Wise Society : La carta che non t’aspetti arriva dallo Sri Lanka

La carta che non t’aspetti arriva dallo Sri Lanka

di Mariella Caruso
26 Marzo 2015

Processata a partire dalle deiezioni degli elefanti, è realizzata a mano con un processo innovativo.

C’è chi ha cominciato a rendere sostenibile la produzione di carta utilizzando materiale di riciclo nell’impasto. È così che bucce di arance, crusca e alghe – per fare qualche esempio – sono entrate in cartiera. Nello Sri Lanka, però, sono andati oltre: c’è chi produce carta in cui l’ingrediente principale non è la cellulosa, ma la cacca di elefante, naturalmente ricca di fibre. Noi di Wise Society l’abbiamo scovata nel piccolo stand della Cooperativa Vagamondi a “Fa’ la cosa giusta”.

L’IDEA – La “Elephant Dung Paper” arriva dalla Sri Lanka, dove viene prodotta sin dal 1997 nell’ambito del progetto “Eco Maximus”. Il suo ideatore si chiama Thusitha Ranasinghe e tutto è cominciato pensando alla tutela degli elefanti di quel Paese. Non è un caso che il laboratorio, oggi diventato una piccola fabbrica, dove la carta viene realizzata completamente a mano si trovi a due passi dalla “Millennium Elephant Foundation“, vicino a Kegalle, luogo che ospita anche l’orfanotrofio degli elefanti di Pinnawela, che accoglie gli elefanti non più in branco e quindi destinati a morire da soli. Ranasinghe cominciò col riciclare la carta e altri materiali per evitare che finissero nelle discariche. A quel punto gli venne naturale pensare che il rifiuto più abbondante nella sua isola fosse la cacca di elefante. Ogni elefante adulto, infatti, ne produce in media 180/200 kg al giorno.

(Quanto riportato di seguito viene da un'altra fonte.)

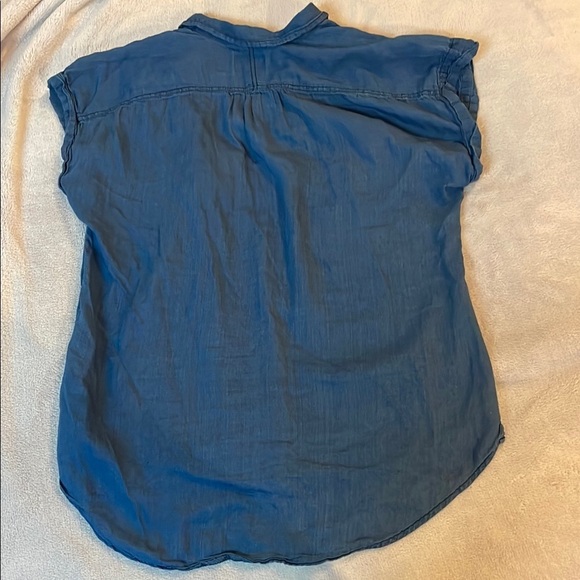 J. Crew Lightweight Denim Button-Up Shirt - Picture 6 of 6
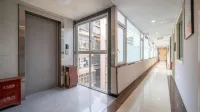 奧萊飯店（眉山東站三蘇祠店） - 2 星級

Un bene prezioso, e totalmente gratuito, che l’illuminato imprenditore ha deciso di utilizzare in maniera alternativa.

LA LAVORAZIONE – La cacca, che non puzza perché il ciclo digestivo dell’elefante è molto veloce perché il suo stomaco è molto corto, viene raccolta e seccata al sole, poi bollita con un disinfettante naturale. Dopo di che viene impastata con acqua, carta riciclata e l’eventuale colore, rigorosamente di origine naturale, necessario. Il composto viene posato su un tavolo, passato sotto un rullo che ne elimina l’acqua e lo trasforma in un foglio che, dopo essere stato asciugato al sole, è pronto per essere utilizzato.

“CARTA DELLA PACE” – La “Elephant Dung Paper” non è soltanto un prodotto commerciale. Con la sua produzione e vendita, infatti, la “Millennium Elephant Foundation” sta cercando di educare a popolazione cingalese a rispettare i propri elefanti che vengono uccisi perché rendono difficili le attività agricole dell’Isola. Dal 1950 ad oggi la popolazione degli elefanti cingalesi è calata di 4.000 esemplari. A finire gli elefanti, non sono i bracconieri avidi di zanne, ma i contadini preoccupati che gli elefanti sconfinino nei loro campi. Se, invece, gli elefanti diventassero parte dell’economia del paese con lo sfruttamento della loro “popò” la percezione dei contadini nei loro confronti potrebbe cambiare.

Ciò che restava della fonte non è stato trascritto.